Mary Foster, MD, Primary Investigator
Research in the Foster Lab focuses on autoimmune glomerulonephritis, a major cause of acute and chronic kidney disease worldwide.
Our experiments explore the origins and regulation of nephritogenic immune responses, and are designed to identify tolerance mechanisms that regulate nephritogenic lymphocytes, with an emphasis on B cells and autoantibodies; determine the molecular basis of tolerance; identify defects in immune regulation and the contributions of genetic autoimmune predisposition; and identify environmental disease triggers.
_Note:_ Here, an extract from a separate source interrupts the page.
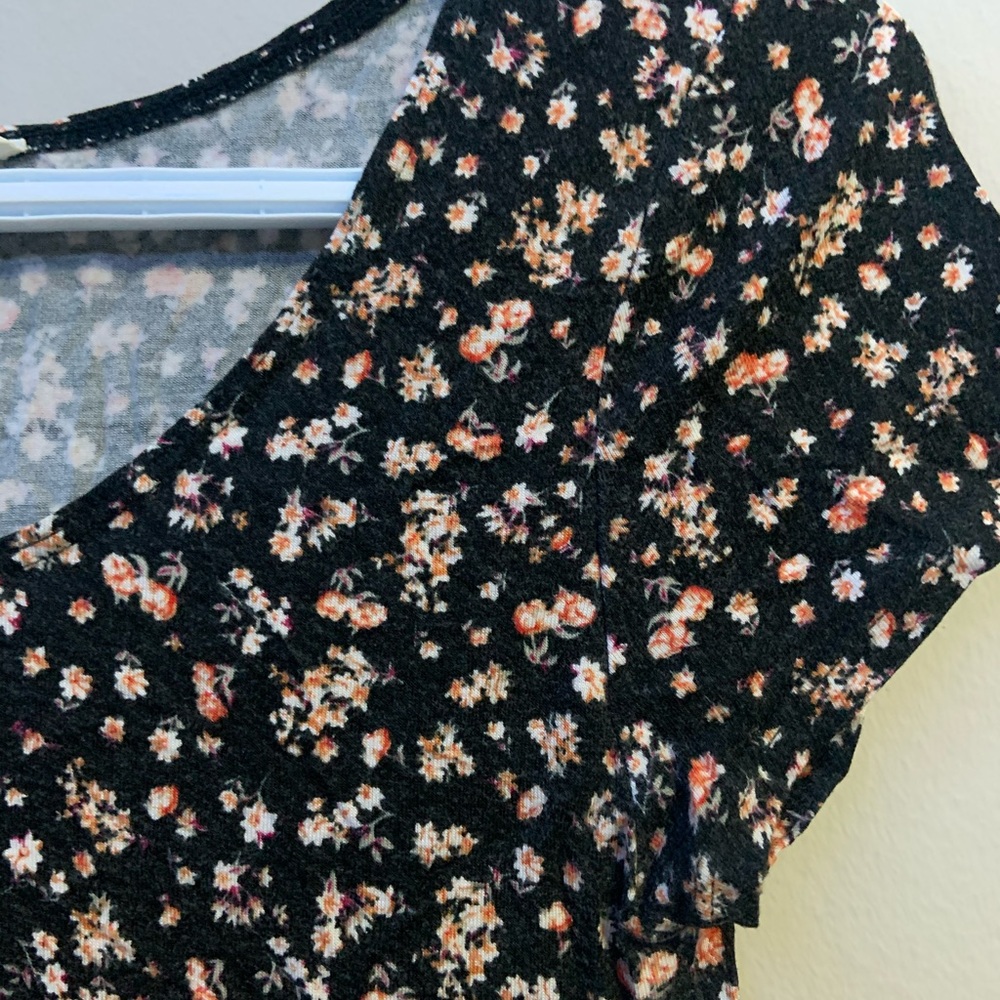 Clothes - Picture 2 of 3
For this purpose, the Foster Lab has developed several autoantibody transgenic models that are relevant to immune nephritis in both kidney-restricted and systemic autoimmunity and that are amenable to mechanistic dissection using basic immunological, molecular biological, and proteomics approaches.
Lanette Fee, Ph.D.
Lab Research Analyst II
Project 1 -- Goodpasture Syndrome (GPS) and anti-GBM Nephritis: GPS is the prototype autoimmune disease with organ-restricted pathology dominated by severe glomerulonephritis and a well-defined pathogenic epitope.
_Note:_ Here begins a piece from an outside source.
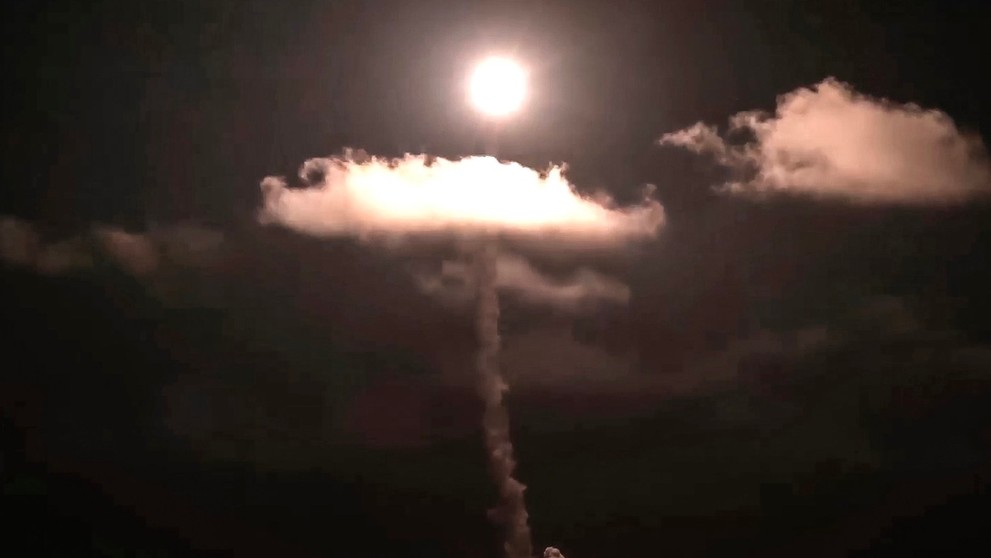 Odpálenie rakety ICBM z ruskej ponorky Cár Alexander III.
Using an anti-alpha3(IV)NC1 collagen Ig transgenic model, the Foster Lab demonstrated that B cells recognizing disease-relevant epitopes on alpha3(IV) collagen are regulated in vivo; these cells are deleted unless rescued in the bone marrow by receptor editing.
This finding was unexpected because the GPS kidney target epitopes are normally cryptic. Ongoing studies are investigating the role of collagen as tolerogen, the regulatory role of crossreactive antigens, and the molecular basis for escape from tolerance, as well as developing a humanized model for preclinical studies.
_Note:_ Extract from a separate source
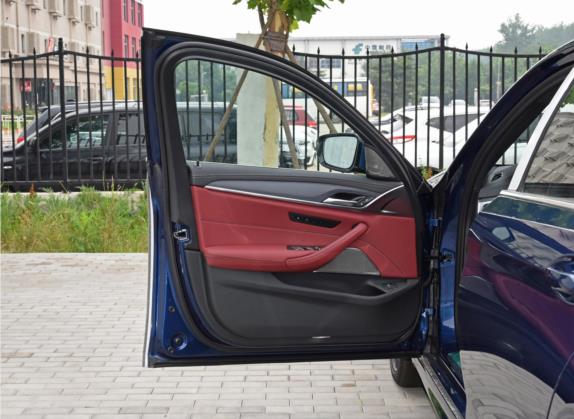 宝马5系 2021款 改款 530Li 尊享型 M运动套装 车厢座椅   前门板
Project 2 -- Lupus Nephritis: Glomerulonephritis occurs in up to 75 percent of patients with lupus. This complex autoimmune disease is influenced by genetic and environmental factors.
Using transgenic models that express lupus antibodies reactive with DNA and basement membrane laminin, the Foster Lab demonstrated that the nephritogenic B cells are strictly regulated by deletion, receptor editing, and anergy, both in nonautoimmune backgrounds and in subjects with mild lupus.
Ongoing studies are examining the role of genetic autoimmune susceptibility, including backgrounds prone to develop severe lupus nephritis, in altering the fate of nephropathic B cells.
Project 3 -- The biochemistry and transcriptional profile of immune tolerance: These studies dissect the signaling pathways and molecules engaged in maintenance of immune tolerance.
The Foster Lab used representational difference analysis (RDA) and microarray to identify gene expression signatures and key molecules engaged in maintaining anergy in autoreactive B cells in nonautoimmune individuals, and to identify pathways aberrantly engaged or expressed in analogous cells in subjects with lupus.
Ongoing studies are assessing the influence of distinct genetic backgrounds on tolerance pathways, and dissecting the role of previously identified key molecules, including galectin-3 and galectin-1, in determining the minimum molecular requirements for energy.